The crux of the film is captured in another scene when Dodd claims, “If you figure a way to live without serving a master, any master, then let the rest of know, will you? For you’d be the first person in the history of the world.” Can we live without a master? The Cause would have us seek to get there, relying for the moment on the direction of the Master, Dodd himself (even though one of his sons admits, “He’s making this stuff up as he goes along,” and w realize the truth in this when he reads from his second book). But does the Cause offer hope and growth to Freddie? Not really, he seems no better off from Dodd’s processing. He may be better clothed, but his animalistic urges remain, just better veiled.
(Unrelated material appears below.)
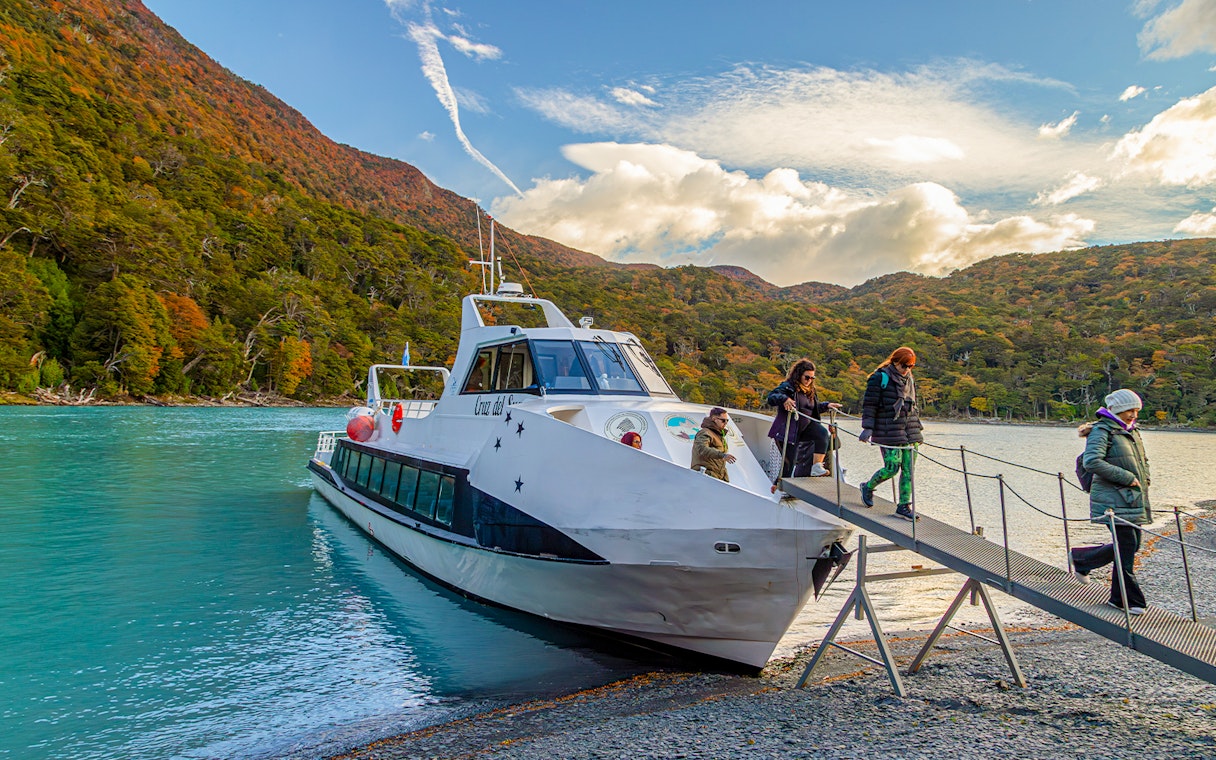 Passengers deboarding a boat for Mayo Spirit Trek on Lake Argentino, Patagonia, Argentina.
The Bible shows Jesus’ disciples calling him Master (Lk. 5:5). And in the famous Sermon on the Mount, Jesus says, ““No one can serve two masters. Either you will hate the one and love the other, or you will be devoted to the one and despise the other. You cannot serve both God and money” (Matt.6:24). The point here, though, is that we will serve a master and that master cannot be shared. The choices are God or someone or something else. But that something else is not self, since we are by nature slaves to sin (Rom. 6:6). When we were yoked to sin, we were knowingly or unknowingly serving Satan as master. We can choose to be freed from this slavery by following Jesus as our new Master (Rom. 6;17). But that is to transfer allegiance from one master to another, to let God rescue us “from the dominion of darkness and brought us into the kingdom of the Son he loves” (Col. 1:13). Like Freddie, we cannot attain true self-mastery and have no need of a Master. We will have a master. Will it be Jesus?